I just bought a 2001 Frontier Desert Runner 4x2 King Cab V6. I'm trying to figure out what's up with the speakers in this pickup. There is one speaker in the rear center up high that is amplified. I took it apart and see it was made by Panasonic but it does look like OEM with its proprietary plug/etc. I think it might be a subwoofer but I'm not sure.

Anyway, I'm curious how many speakers other 2001 Frontier King Cab owners have in the rear of their pickups. Ideally I'd like to have two full range speakers in the rear but I know this can be tricky with the jump seats. Whatever the current speaker is back in the back it's rattling. I replaced the 4" speaker in it but it still rattles. I'm guessing it's a subwoofer and the full range speaker I put in is inappropriate. The speaker that was in there looked fine, great condition, so not sure why its rattling.

My head unit is a Nissan 6 Disc CD Changer/AM/FM. The owners manual says it's supposed to have a fader setting when you go through the 'Audio' options but all I see is Balance, no Fader, so I'm totally confused (unless the stereo is smart enough to know there aren't two full range rear speakers connected and therefore doesn't show the Fader option).

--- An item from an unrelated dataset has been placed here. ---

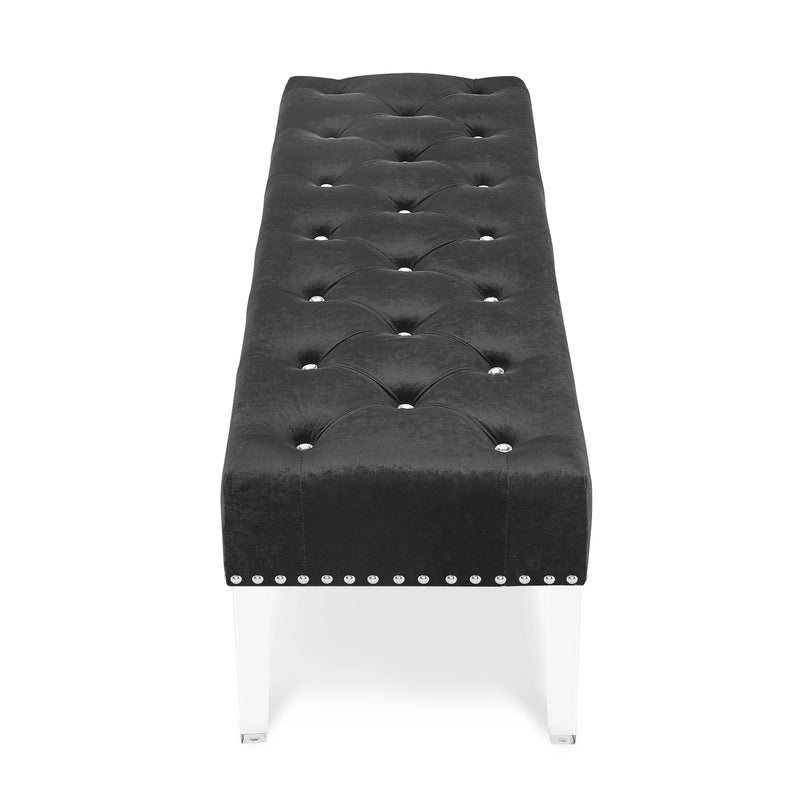 VIVIAN BLACK VELVET BENCH WITH CRYSTAL BUTTONS - Winder Mattress & Furniture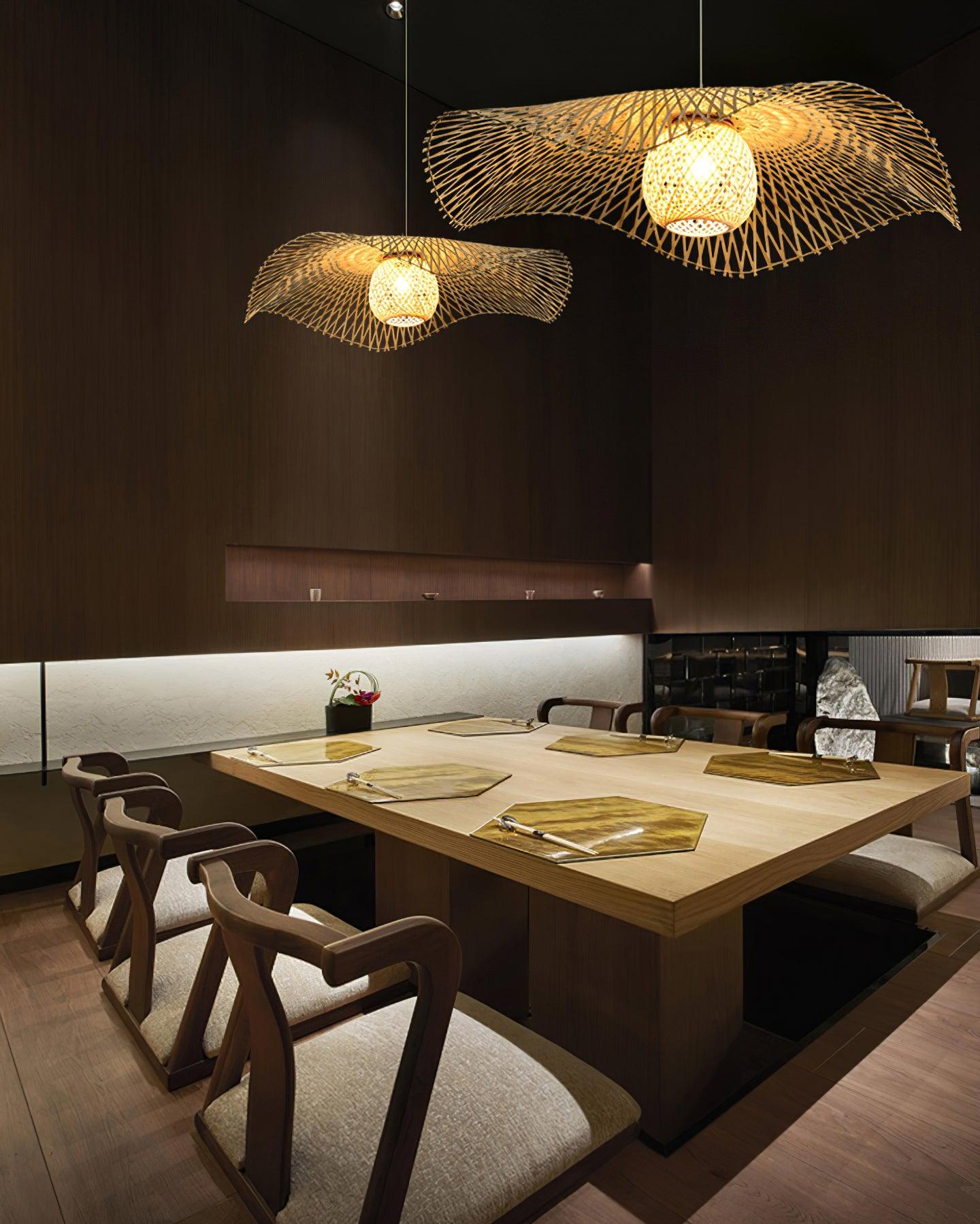 Pendant Lamp Bamboo Lotus Leaf Shape Open Weave Natural - Neutralighting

Anyway, if any 2001 Frontier King Cab owners could respond with any info they have about the rear speaker(s) in their pickups I'd really appreciate it!

Thanks,
Wayne


----------



## 511sc (Oct 31, 2006)

Its a subwoofer which sucks!If you got the cash I would buy an aftermarket sub and amp!The 6 disc changer with steering wheel controls are a plus!


----------